ACTIVITY:
From the line that contains "Iberotel Palace - Adults" to the last line of the data below, transcribe every line exactly. Do not include the pictures.

Dataset items:
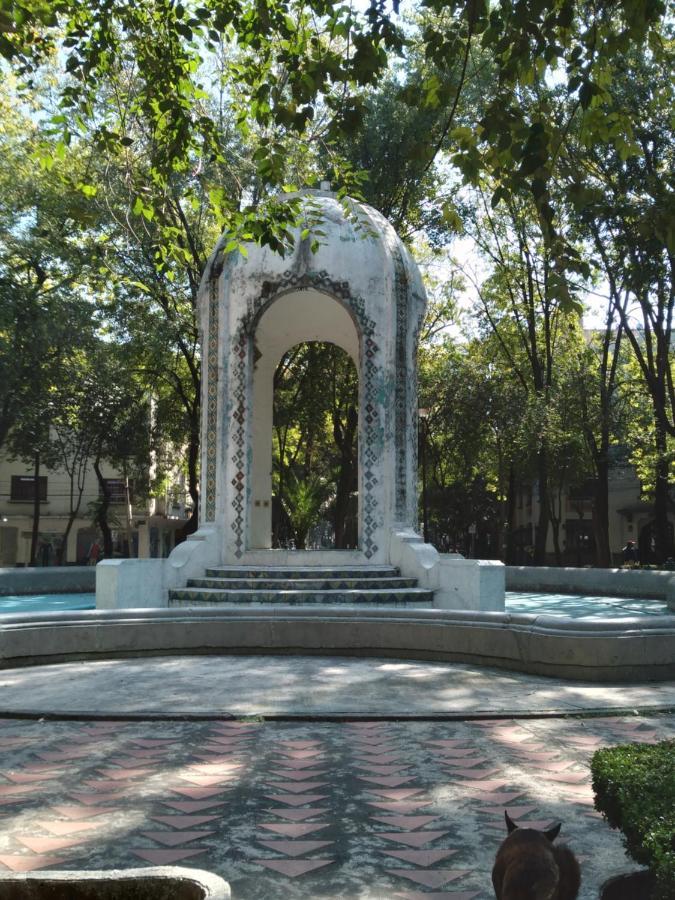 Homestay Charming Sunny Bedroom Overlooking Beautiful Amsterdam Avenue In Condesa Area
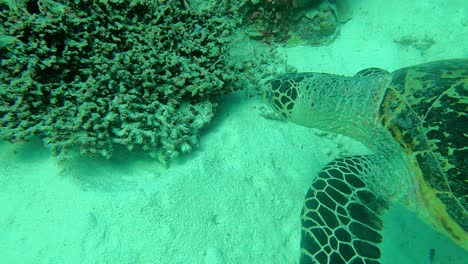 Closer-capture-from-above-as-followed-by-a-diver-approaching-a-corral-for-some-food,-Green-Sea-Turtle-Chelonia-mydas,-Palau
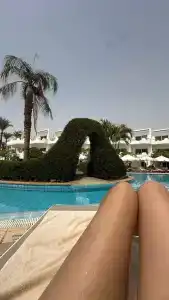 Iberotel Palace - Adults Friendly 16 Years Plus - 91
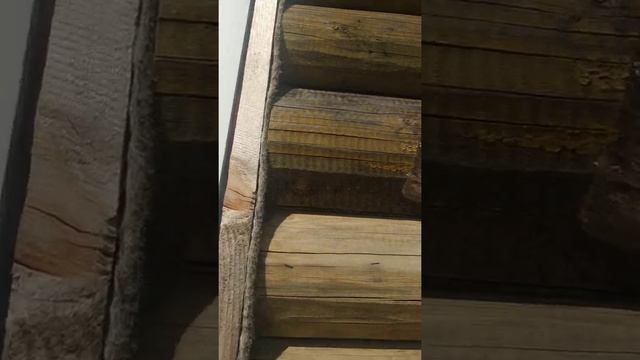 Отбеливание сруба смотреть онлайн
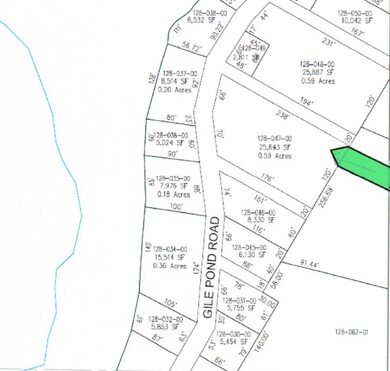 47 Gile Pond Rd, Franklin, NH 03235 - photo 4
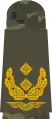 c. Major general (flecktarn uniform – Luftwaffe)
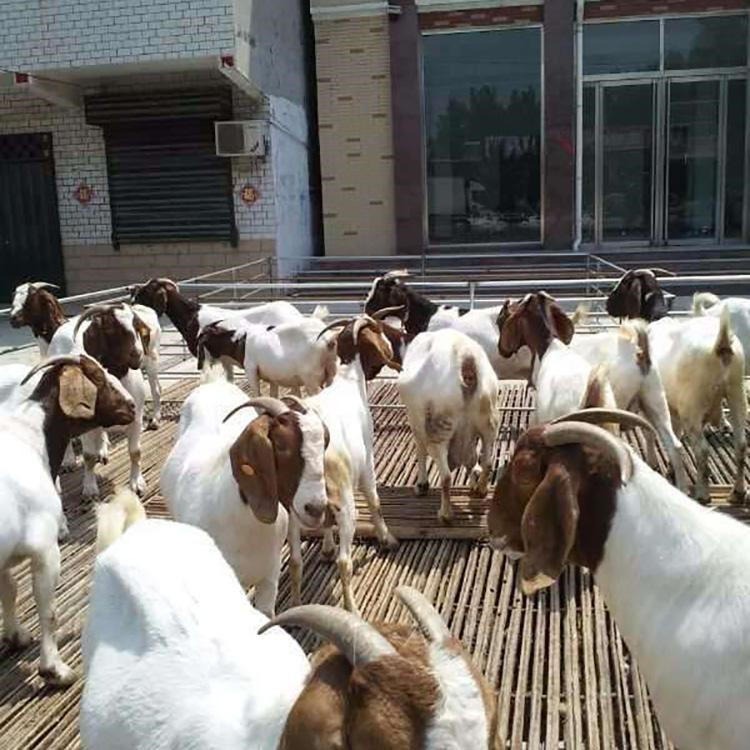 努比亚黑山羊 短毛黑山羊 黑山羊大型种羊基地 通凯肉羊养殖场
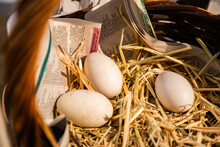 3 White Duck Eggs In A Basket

REPLY TO THE TASK:
 Iberotel Palace - Adults Friendly 16 Years Plus - 91
 Отбеливание сруба смотреть онлайн
 47 Gile Pond Rd, Franklin, NH 03235 - photo 4
 c. Major general (flecktarn uniform – Luftwaffe)
 努比亚黑山羊 短毛黑山羊 黑山羊大型种羊基地 通凯肉羊养殖场
 3 White Duck Eggs In A Basket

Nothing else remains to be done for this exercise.